You need to start where you’re most interested. A lot of political junkies will watch the news and read articles online on a daily basis, but knowing how to turn that knowledge into money seems like a totally foreign objective. In reality, it’s not a big jump at all. For example, if the government passes a big bill that would lead to raised costs for retailers, the companies that have many retail outlets would probably see earnings go down in a significant manner, and when the top institutional traders got wind of this, stock prices will go down very quickly. Staying ahead of this trend, or at least jumping on at an early point, can lead to big earnings in a short time. These earnings can get a big boost if you use something quick like a string of five minute binary options to take advantage of this.

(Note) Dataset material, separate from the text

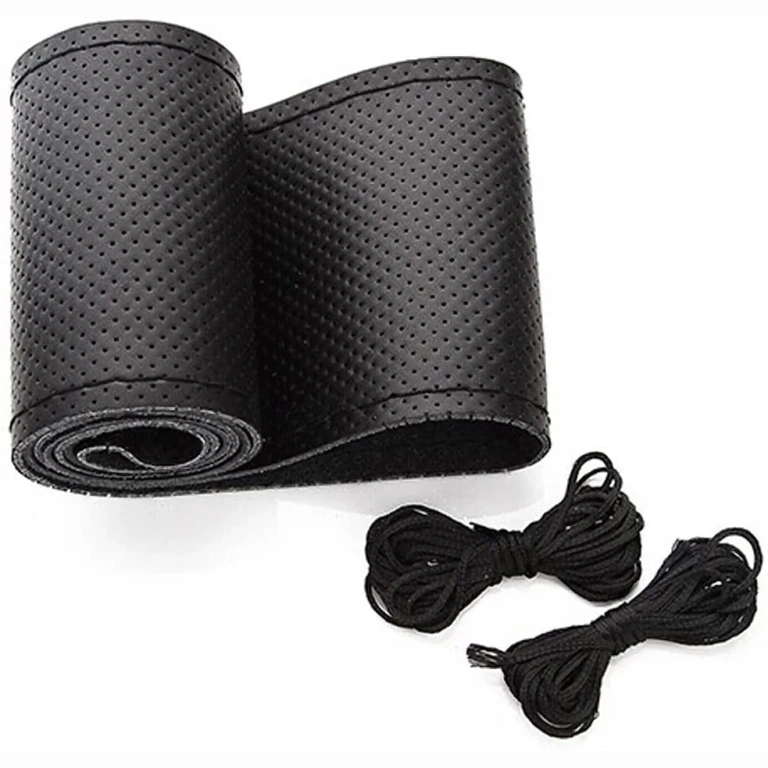 Svart handsytt läderskydd för ratt, elegant utseende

Timing is important with any type of trading, but it might be even more so with the news. This is because news is only a small part of an asset’s overall picture. And what’s more, is that news tends to have an overblown effect at times. For example, a report might come out that Apple is pace to sell 5 million fewer devices this year than the year before. This would undoubtedly lead to a selloff, but what happens when Apple announces a positive correction a day later, and shares are gobbled back up to account for the previous day’s incorrect report. Things like this happen, and you can definitely profit off of both incorrect and correct news, but you do need to act fast and appropriately. This is why a lot of traders subscribe to streaming news services that can deliver relevant financial news right to your computer on an instant basis.
Not all assets react the same way, and your profits will not be the same between different types. For example, when you are trading an index like the Dow Jones Industrial Average and the EUR/USD pair, one positive news report of seemingly equal value to both assets will have different results. The Dow tends to move slowly, while currencies can move in a sometimes alarming fashion. Furthermore, Forex trades are exacerbated when you throw leverage into the mix, making big swings even bigger.
The point is to be careful and be smart. Trading the news seems easy, but you still need market knowledge, and mixing trading the news with both fundamental and technical analysis tools will be your best long term bet.